So a crop camera has wider depth of field?
Depends how you look at it. The way I look at it: “only because you will use it differently. If you use it to take the same picture, you’ll get the same depth of field”. But of course for that “same picture” you’ll need a different lens.
OK, this is complicated. So let me just show you by example.
Picture one: full frame 1Ds MkIII camera, 50mm lens at f/1.4.
(You can click to see the large version).
Picture two: crop camera, a Canon 7D, with a 35mm lens also set to f/1.4. That 35mm lens on a crop camera is about the same as a 50mm lens on a full frame camera; i.e. enables me to be at the same point and yet get roughly the same picture. Now I see this:
As you see, this gives you roughly the same depth of field. If there is any difference, it is minor. SO:
A 35mm lens on a crop camera gives you roughly the same picture as a 50mm lens on a full frame camera, and roughly the same depth of field.
A few notes, by the way:
- These results are consistent; not just “one randomly picked picture”.
- The DOF (depth of field, i.e. how much is sharp) is extremely narrow. Great care is needed when shooting at f/1.4!.

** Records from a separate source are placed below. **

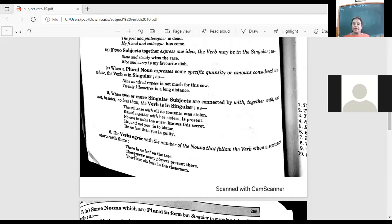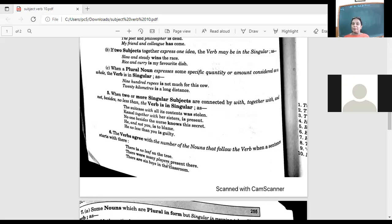Sometimes the verb comes before the noun in inverted sentences. 'There is no leaf on the tree.' 'The leaves have fallen off the tree.' 'There were many players present.' 'There are six boys in the classroom.' 'There is one boy in the classroom.' Identify whether the actual subject following 'there' is singular or plural.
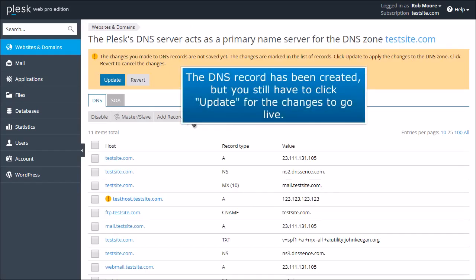The DNS record has been created, but you still have to click Update for the changes to go live.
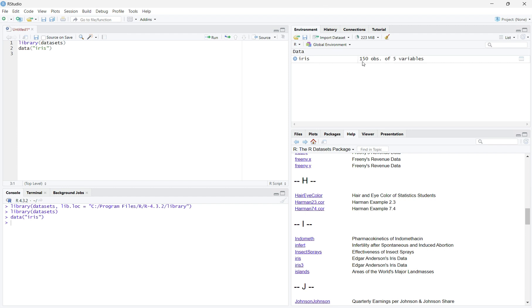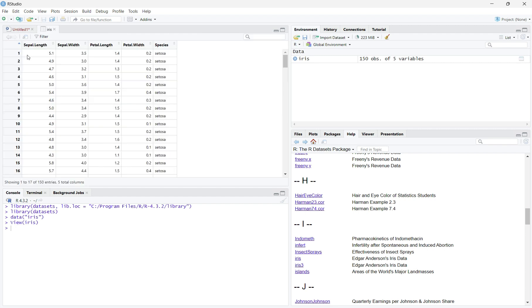If you click the table icon on the right edge of the iris bar, it will show you the data table for the dataset. In it, you will see sepal length, sepal width, petal length, petal width, and species.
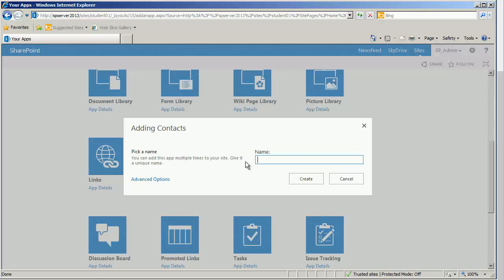I am going to go ahead and I will call this Contoso Contacts, but I am not using a space. Another option would have, as you've seen, I started to put almost an underscore. That would have also been acceptable, but I prefer myself the uppercase, lowercase with no spaces. And I will go ahead and create.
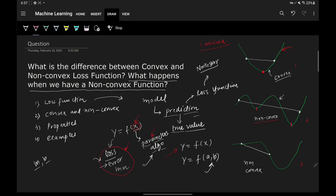A non-convex function can have more than one minimum — a local minimum and a global minimum. Ideally, your optimization algorithm such as gradient descent should find the global minima, but sometimes it gets stuck in a local minima and you are unable to find the best parameter values for which the error is minimized. The worst-case scenario is that you do not converge to the global minima and you don't get the most optimized solution.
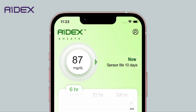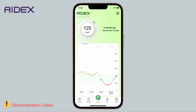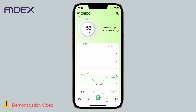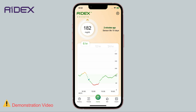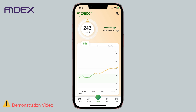Likewise, a 45-degree upward arrow means slowly rising, while a 90-degree upward arrow indicates rising. And a double upward arrow means glucose is rapidly rising.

- I was aiming a single focus spot at the dot (near the 10) in all pictures (On the 7D, I was using the extra small focus spot).
- I have noticed that the Canon cameras (or is it the lenses?) focus too closely (they “front-focus”) when open at f/1.4. By f/2.8, this effect is either gone or too small to see clearly. In the last picture, I added an adjustment of +15. This does not change the depth of field; it is just to make both pictures about the same.
Point 2 explains a few things to me, by the way. That’s part of the Canon-effect, more on which in the next few days; it’s why I have to adjust extra when wide open.